En “El hambre y su contexto”, artículo que leí en la web Rebelión, Juan Torres López repasa algunos detalles relacionados con la callada masacre que perpetra el hambre día tras día. Torres López, catedrático de Economía Aplicada en la Universidad de Sevilla, comienza con esta afirmación: “Es habitual que cuando se habla del hambre se tienda a ver como una especie de desgracia, como un desastre colosal, una fatalidad terrible del destino. Quizá sea lo normal cuando está alcanzando una magnitud tan colosal en nuestros días: ¿quién puede atreverse a pensar que detrás de la muerte diaria de 30.000 personas puede haber algo más que eso, cómo creer que alguien puede estar causando semejante atrocidad?”.
Poco después da lugar a cifras espeluznantes: “Los factores que están haciendo que mueran 30.000 personas de hambre cada día, que solo en 2009 el número de hambrientos haya aumentado en 100 millones de personas, no son difíciles de descubrir y entender. En primer, influye de modo muy determinante la dificultad que tienen millones de personas para acceder a recursos que están a su lado, que deberían ser suyos pero cuyo uso le está vedado. De hecho, no puede pensarse que el hambre sea algo que se padece exclusivamente en países radicalmente pobres sino en los que a pesar de disponer en algún momento o ahora mismo de recursos suficientes no pueden ponerlos al servicio de sus ciudadanos. Unas veces es la tierra, otras el agua y últimamente las semillas, es decir, lo recursos más básicos que poco a poco van acumulándose por los grandes propietarios o empresas multinacionales”.
A eso agrega: “Y de un modo particularmente expreso se ha demostrado que las condiciones en que se desenvuelve el comercio internacional impiden que se pueda satisfacer ese derecho porque está pensado, en el mejor de los casos, para que genere rendimientos a nivel agregado, como ganancias del sistema de comercio en su conjunto, y a largo plazo, pero no en términos de proporcionar ganancias a las personas concretas y en relación con su capacidad efectiva para poder alimentarse. Y también han puesto de relieve que las políticas liberalizadoras están produciendo una mayor concentración de la producción, más monocultivo y expulsión de los pequeños productores porque para que puedan redundar en un más efectivo derecho a la alimentación sería necesario que se pudiera proteger la producción dedicada a la provisión autóctona y que se garatizara la diversidad. Lo que no se permite a los más pobres y débiles de la cadena de la producción alimentaria, aunque sí a los más ricos”.

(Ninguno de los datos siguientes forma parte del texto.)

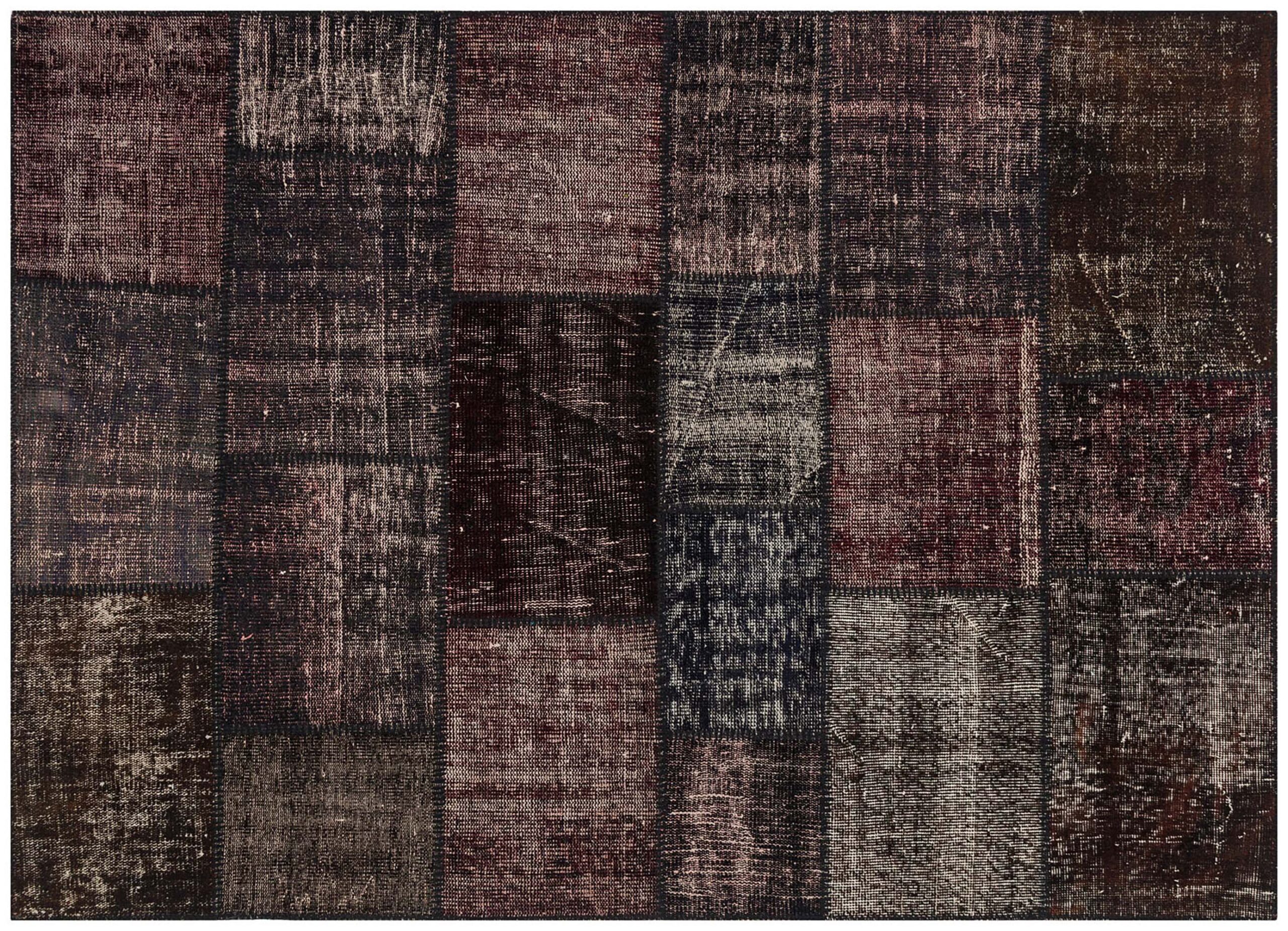 Vintage Hand-Woven Wool Patchwork Rug, detail view 2, handmade rug, SKU 5760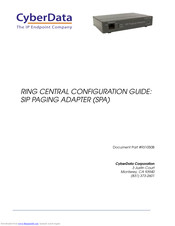 CyberData SIP PAGING ADAPTER Configuration Manual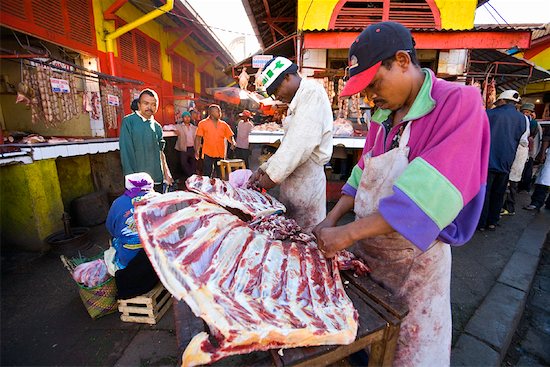 Butchers in Analakely Market, Antananarivo, Madagascar Stock Photo - Premium Rights-Managed, Artist: R. Ian Lloyd, Image code: 700-01112592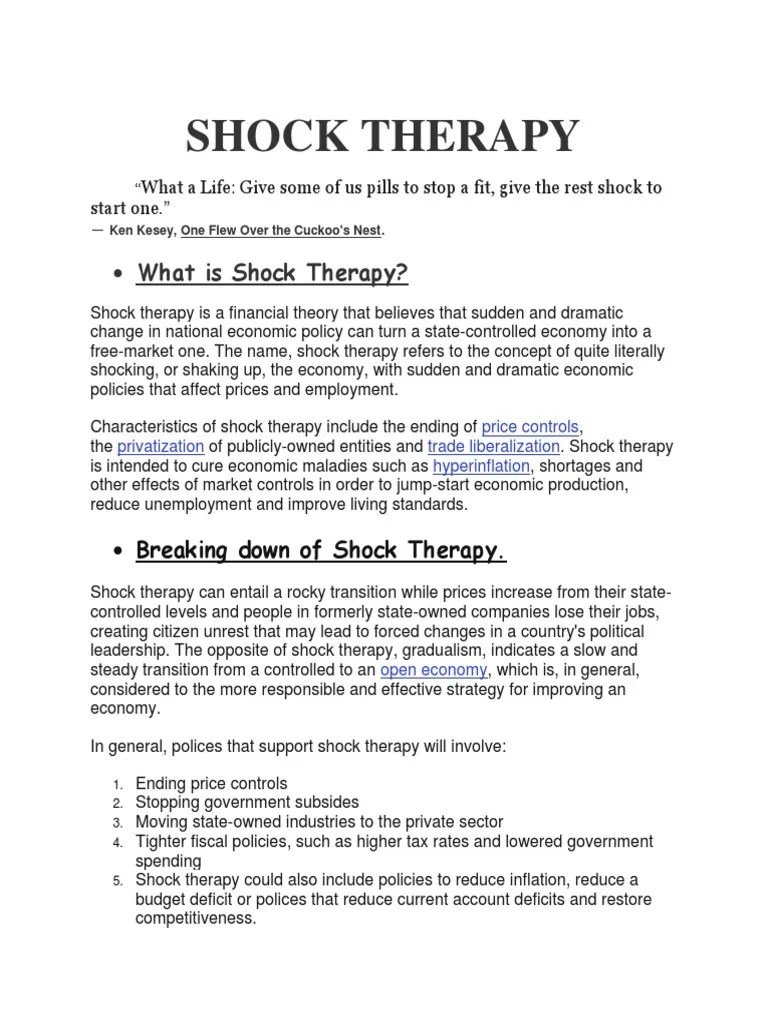What Is Shock Therapy? PDF Deficit Spending Economics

Su conclusión es lógica: “… lo necesario a nivel global para combatir el hambre es invertir el equilibrio de poder, reconocer el derecho a la alimentación como plenamente exigible y anteponerlo a cualquier otro y evitar que su disfrute esté constantemente amenazado por una lógica comercial y financiera que, además de injusta, es completamente insostenible”.
El hambre, como los otros jinetes del Apocalipsis que galopan como locos en el mundo actual, es perfectamente evitable, pero en la lógica del poder no está evitar más y más daños a la gente y al planeta, sino seguir exprimiendo los recursos naturales de la Tierra con total insensibilidad. Treinta mil personas muertas por día no son nada, una abstracción nomás, para los depredadores financieros que de seguir así terminarán por matar de hambre concreta, nada abstracta, al mismísimo planeta, sin piedad ninguna.